All across Waller County, and in fact around the state, sit abandoned cemeteries containing the remains of African-Americans who where denied burial in predominantly White cemeteries. Prairie View A&M College, took up the responsibility for interring the remains of its employees, just as they assumed the tasked of educating of Black school children from the local school district.
Just as the university continues to provide the local school district a facility for educating the districts youth, albeit for only a dollar a year, they also continue to provide a final resting place for local residents.
Former university president, Dr. E. B. Evans; foreign language instructor, Olivette Higgs; local community and campus physician, Dr. E.R. Owens; U. S. Olympic track coach Hoover Wright; and the legendary “Marching Storm” band director George Edwards have been laid to rest here. Chances are, if you went to Prairie View A&M University anytime after 1960, you are familiar with at least two of these pillars of the local college which sits“on the hill” in the City of Prairie View. But could their “final” resting place be in jeopardy?

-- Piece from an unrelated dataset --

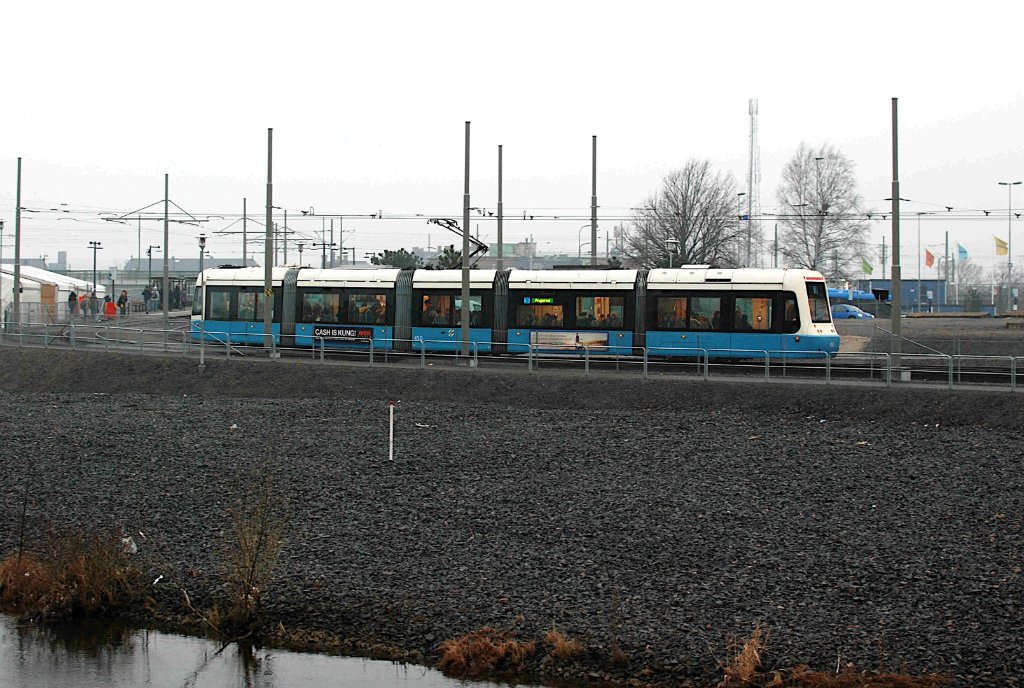 Göteborg Spårvagn Linje 9 till Angered Fotograf Matsälgen © 2015-02-17 DSC_0056 Skärpt mindre strl Ljusad Färg Beskuren.JPG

Local minister Rev. Walter Pendleton is currently disputing with the Texas A&M University system regarding the ownership of the campus-based cemetery. The minister claims the land in which almost two hundred former campus employees and their families have been interred, was merely offered as a gesture of friendship by his grandfather, George T. Wyatt.

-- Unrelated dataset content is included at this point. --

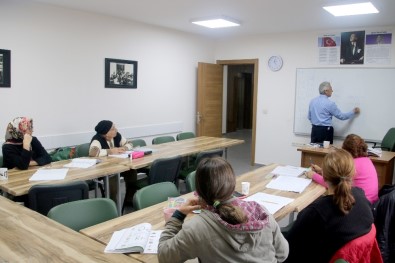 Çankaya'da Okuma Yazma Bilmeyen Kalmayacak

Adjacent to the university maintained cemetery sits the Wyatt Cemetery, a Texas historical site, containing the grave sites of former slaves who were most likely from the local Liendo, Alta Vista and Grace plantations.

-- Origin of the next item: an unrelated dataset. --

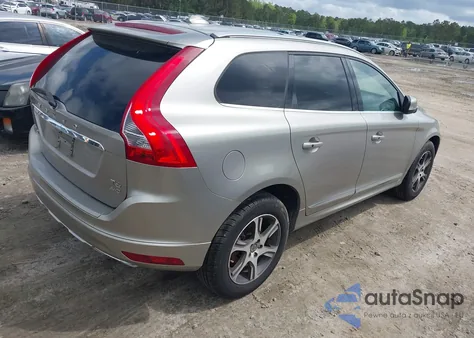 2015 Volvo Xc60 T6 Premier Plus из США, поврежденный, VIN YV4902RC5F2579433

Pendleton and many other local Waller County residents are direct descendents of many who are buried in both cemeteries.
Pendleton recently addressed a letter to A&M System employees, demanding the return of the property, and he says he has the ownership deeds to back up his claims. This is not the first cemetery dispute in which the minister has been embroiled. Almost a decade ago, Pendleton filed a federal lawsuit against the nearby city of Hempstead, claiming discrimination in the upkeep of the city’s three cemeteries. The city settled out of court and agreed to bring the local Black cemetery up to par with the much better maintained White and Jewish cemeteries.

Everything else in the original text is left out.